Except for the pictures, write out all the records that follow exactly.

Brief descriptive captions
--------------------
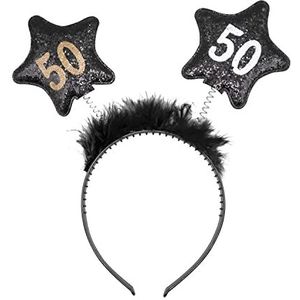 Haarband met cijfers voor de 50ste verjaardag, party, party, kroon met sterantennes, vijftig glitterglitters, uniseks, zwart/goud
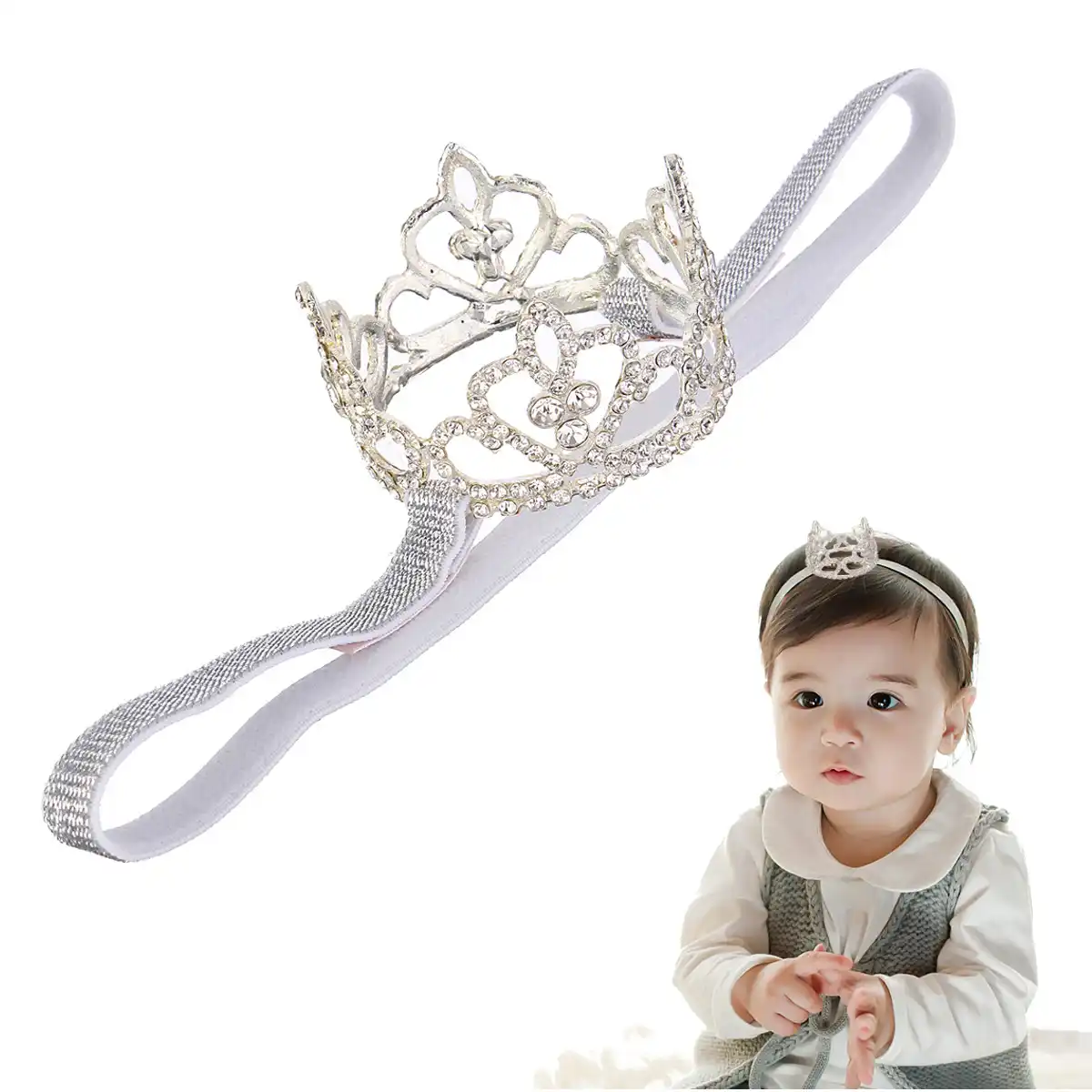 baby hairband crystal tiara hairband kid girl bridal princess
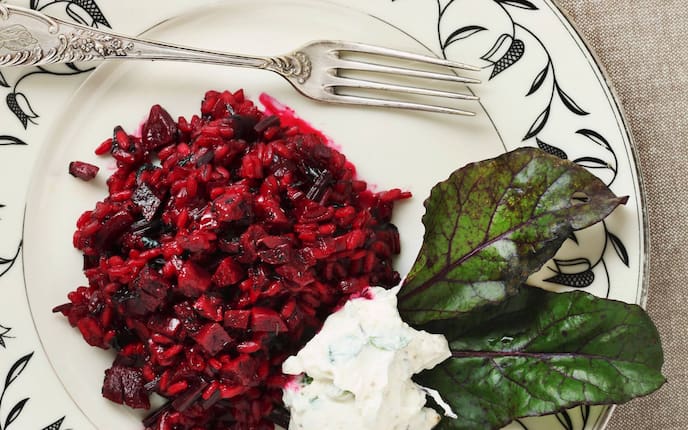 Rote Rüben, Risotto, Reis, Sauce, Salat, Hauptspeise, vegetarisch, Servus Rezept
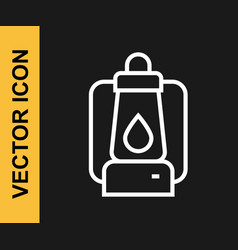 White Line Camping Lantern Icon Isolated On Black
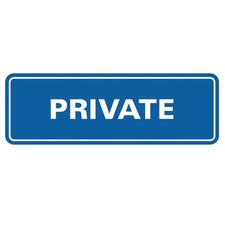 Standard Private Door/Wall Sign - Blue - Large 2 Pack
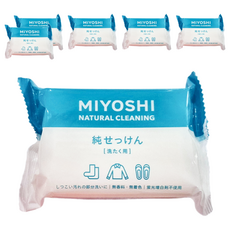 MIYOSHI 純洗衣去污皂, 可清洗運動鞋及小物品, 98%純皂, 不傷玉手, 190g, 6個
--------------------
**Response area:**
 Haarband met cijfers voor de 50ste verjaardag, party, party, kroon met sterantennes, vijftig glitterglitters, uniseks, zwart/goud
 baby hairband crystal tiara hairband kid girl bridal princess
 Rote Rüben, Risotto, Reis, Sauce, Salat, Hauptspeise, vegetarisch, Servus Rezept
 White Line Camping Lantern Icon Isolated On Black
 Standard Private Door/Wall Sign - Blue - Large 2 Pack
 MIYOSHI 純洗衣去污皂, 可清洗運動鞋及小物品, 98%純皂, 不傷玉手, 190g, 6個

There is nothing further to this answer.